Questa è la conseguenza del fare Uno, di annientare l’Altro e il Sé nel nome di un Tutto. Invece, è bene che l’altro rimanga altro anche nei sodalizi, anche nei ménage à trois, anche nelle scappatelle; anche negli amori più grandi. Si tratta di tollerare un certo livello di differenza, e anche la solitudine che questa comporta, di sottrarsi allo stare sempre dove l’altro si aspetta, di accettare che la tensione che costituisce l’amore – il possesso totale dell’altro nel nome della creazione di un Uno – rimanga un asintoto.
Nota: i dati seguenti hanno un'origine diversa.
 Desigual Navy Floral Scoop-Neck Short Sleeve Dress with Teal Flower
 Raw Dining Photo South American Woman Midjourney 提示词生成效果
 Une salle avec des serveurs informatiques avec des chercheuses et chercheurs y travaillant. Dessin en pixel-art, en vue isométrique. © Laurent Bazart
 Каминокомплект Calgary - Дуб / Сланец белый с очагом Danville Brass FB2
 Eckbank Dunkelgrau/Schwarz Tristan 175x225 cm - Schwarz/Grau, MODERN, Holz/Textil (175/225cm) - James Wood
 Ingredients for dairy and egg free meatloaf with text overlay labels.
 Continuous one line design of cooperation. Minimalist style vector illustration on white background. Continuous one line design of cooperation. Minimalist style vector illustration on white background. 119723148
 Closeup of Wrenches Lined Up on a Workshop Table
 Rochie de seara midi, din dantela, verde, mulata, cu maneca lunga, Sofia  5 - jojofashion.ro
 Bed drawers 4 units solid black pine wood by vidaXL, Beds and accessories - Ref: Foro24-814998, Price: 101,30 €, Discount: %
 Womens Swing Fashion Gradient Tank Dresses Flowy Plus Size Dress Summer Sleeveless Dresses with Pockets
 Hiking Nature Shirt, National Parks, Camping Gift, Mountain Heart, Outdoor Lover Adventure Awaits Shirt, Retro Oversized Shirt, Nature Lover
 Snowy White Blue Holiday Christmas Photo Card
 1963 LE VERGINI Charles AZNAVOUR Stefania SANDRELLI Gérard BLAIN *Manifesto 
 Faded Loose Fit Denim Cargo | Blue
Per Monique questa presa di coscienza arriva solo alla fine: “So che mi muoverò. La porta si aprirà lentamente, e vedrò cosa c’è dietro. C’è l’avvenire. Io sono sulla soglia. Ho paura”.
C’è un solo luogo, dice Simone de Beauvoir in uno dei saggi raccolti da L’Orma, in cui questa alterità si può risolvere, e quel luogo è la letteratura, in cui la distanza e l’incomunicabilità tra individui vengono momentaneamente colmate: “credo che la fortuna della letteratura risieda nella sua possibilità di permetterci di comunicare attraverso quel che ci separa. Essa è – nel caso della letteratura autentica – un modo per superare la separazione affermandola”. “Ecco il miracolo della letteratura: una verità altra diventa mia senza smettere di essere altra. Abdico al mio «io» in favore di chi parla, e ciononostante resto me stessa”. Questo perché “il linguaggio ci reintegra nella comunità umana”, e perché aveva ragione Proust quando affermava che “la letteratura è il luogo privilegiato dell’intersoggettività”.